Brady was born very very sick. He had a condition known as hydrops which made him extremely pale, swollen, and lethargic. He barely made a cry. I held my tiny new son for just a few minutes before they whisked him away to the NICU :(
During his first 48 hours of life B required two blood transfusions and a platelet transfusion to save his life. He was on a ventilator to breathe for him. As they were able to treat the hydrops things started to get better quickly. He only needed the vent for 3 days and after just 9 days in the NICU he was discharged! We thought that the whole terrifying ordeal was behind us and we were just happy to have our peanut home where he belongs.
But within days of coming home we could tell that B was in trouble again. He came home around dinner time on Thursday the 4th and Monday morning, the 8th, he was rushed by ambulance from his pediatricians office back to Children's in respiratory failure. When we arrived in the ER he was unable to breathe on his own, hypothermic, in kidney failure, and life threateningly anemic. My little boy's teeny body was shutting down. He was intubated and stabilized and admitted to the PICU (pediatric intensive care unit). He spent six days on the vent and seven days on a RAM canula, before being switched to regular oxygen. During this time he was requiring blood transfusions about every five days but doctors couldn't determine why. He had surgery on 10/19. They did a bone marrow biopsy & aspiration, and a bronchoscopy & BAL. B was diagnosed with Surfactant Protein-C deficiency and we were told his bone marrow was not working properly. He fails to make RBC's at a normal rate and his body is also destroying the RBC's in his blood and bone marrow.
Finally, after 13 days in the PICU Brady was moved up to a regular room. He started eating well and gaining weight. He was doing great on very low oxygen settings. He was tolerating his transfusions well and going nearly a week between them. Then, about a week ago things started to deteriorate. Suddenly B was hemolyzing RBC's at a faster & faster pace. This makes his respiratory status unstable. It also makes him too tired to eat.

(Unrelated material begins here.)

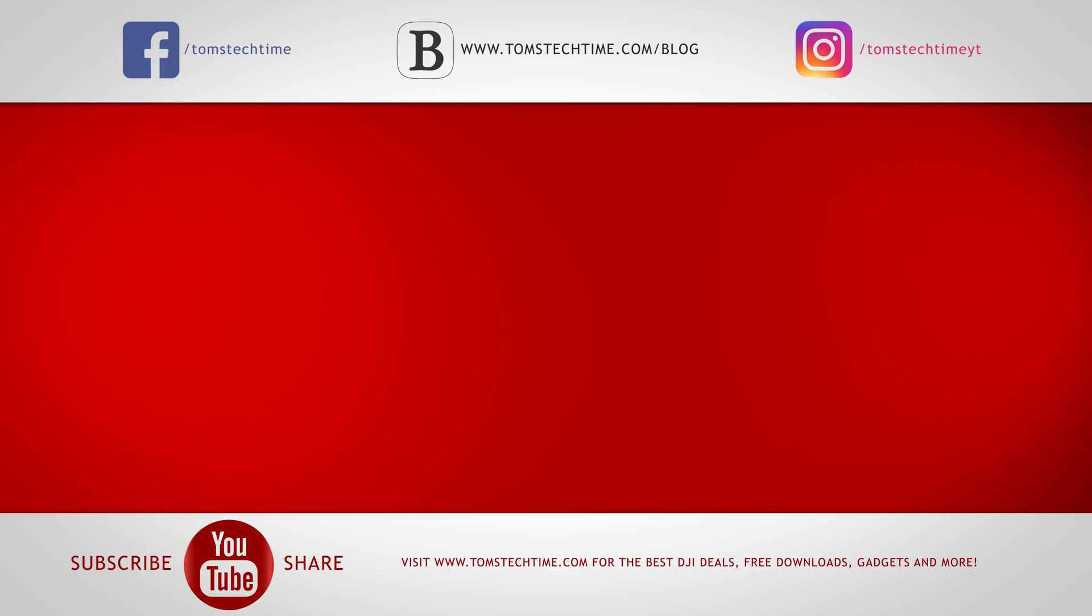Thank you guys for watching. You can, again, feel free to download the test photographs at tomstechtime.com slash panoramas. This was Tom from Tom's Tech Time, over and out. Stay tuned, play safe.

On Sunday we were moved back down to the PICU. This last week B was being transfused every third day, then every other, and now he has been getting transfused twice a day because his numbers (how many RBC's show up on a CBC) are falling so rapidly. His hematologists decided that Brady's anemia is out of control and it is time for drastic measures.

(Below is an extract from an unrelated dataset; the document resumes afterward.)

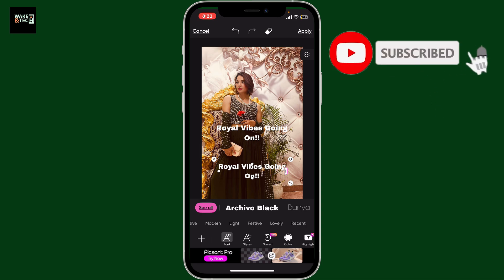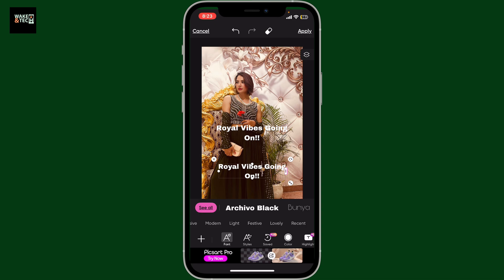If you found this tutorial helpful, don't forget to like, share, and subscribe to our channel for more easy editing tips. Thanks for watching and I'll see you again next time.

As I type this B is in the OR. They are placing a central line into his femoral artery. After that he will be getting a plasma exchange transfusion. Basically, they are going to completely replace all of the blood in his little body. The hope is that the cause of his anemia is antibodies in his blood. By replacing his blood the antibodies would be eliminated and the anemia would be resolved. Its a scary thought, replacing all his blood, and its not without risks but if we don't do something to help him we could lose our little boy. I'm so scared right now. But I think I'm more afraid that the exchange won't work than I am of the actual procedure. This is the only thing they can think of to help him so what happens if this doesn't fix the problem?
Anyway, once the exchange is finished the next couple of days will reveal whether or not it was successful. If Brady's blood counts remain stable and he is no longer hemolyzing then we will know it worked. Fingers crossed!!!